We bred 2 does to a spotted buck this fall and got exactly what we wanted! A spotted doeling!! So excited!:lovey:


----------



## NubianFan (Jun 3, 2013)

Sneaking to Texas to get myself something Paisley....


----------



## MoKa-Farms (Jun 19, 2013)

She is super cute!


----------



## ksalvagno (Oct 6, 2009)

Too cute!


----------



## still (Mar 16, 2013)

Thanks guys! I just wanted to show her off and in case anyone was wondering....my daughter did not want her face in the photo! I love my kid too. LOL!


----------



## peggy (Aug 11, 2010)

What a cutie pie.


----------



## Mamaboyd (Oct 10, 2013)

Adorable! Congratulations


----------



## AlvinLeanne (Feb 16, 2012)

Love her coloring!!


----------



## mapeltier (Mar 28, 2014)

Very much love her coloring! 


Sent from my iPhone using Goat Forum


----------



## FarmerInaDress (Mar 15, 2013)

She's adorable. Paisley is the perfect name for her!


----------



## HerdQueen (Oct 15, 2012)

Beautiful!


----------



## still (Mar 16, 2013)

FarmerInaDress said:


> She's adorable. Paisley is the perfect name for her!

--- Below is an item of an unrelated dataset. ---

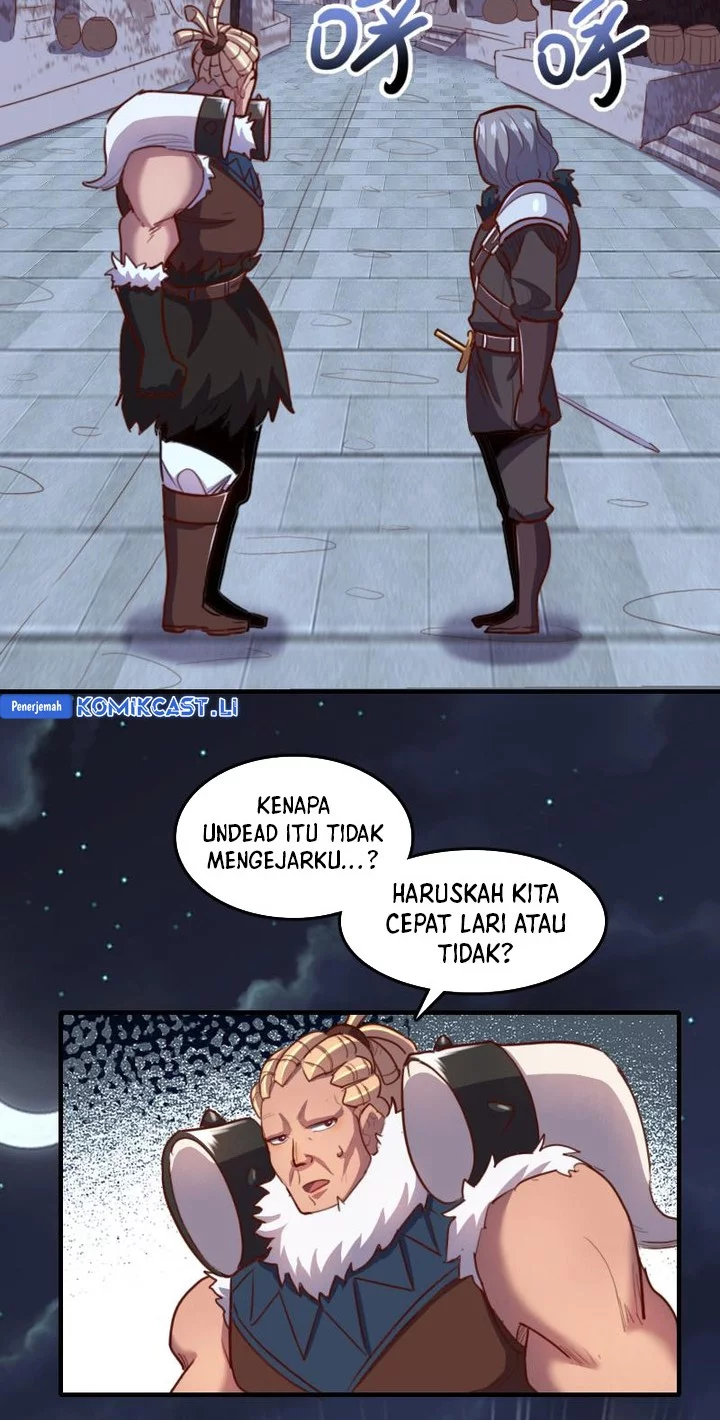 Record of The Mightiest Lord Chapter 61 - halaman 16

Yes I thought that was very fitting! I can't wait to see how she's gonna grow out for me!


----------



## amandaharms8 (Jan 6, 2014)

She's beautifil


Sent from my iPhone using Goat Forum


----------



## dnchck (Mar 24, 2014)

I love her! precious!


----------



## janeen128 (Dec 31, 2012)

Adorable... I like the name too;-)


----------



## still (Mar 16, 2013)

Thanks guys! We love her more everyday!


Sent from my iPhone using Goat Forum


----------



## Abra (Aug 11, 2012)

Oh My Moonspots!!!! Me want!!! Berry Much!


----------



## still (Mar 16, 2013)

Lol!!! Abra


Sent from my iPhone using Goat Forum


----------



## FriendlyFainterFarm (Mar 2, 2014)

Congrats! Very beautiful coloring


----------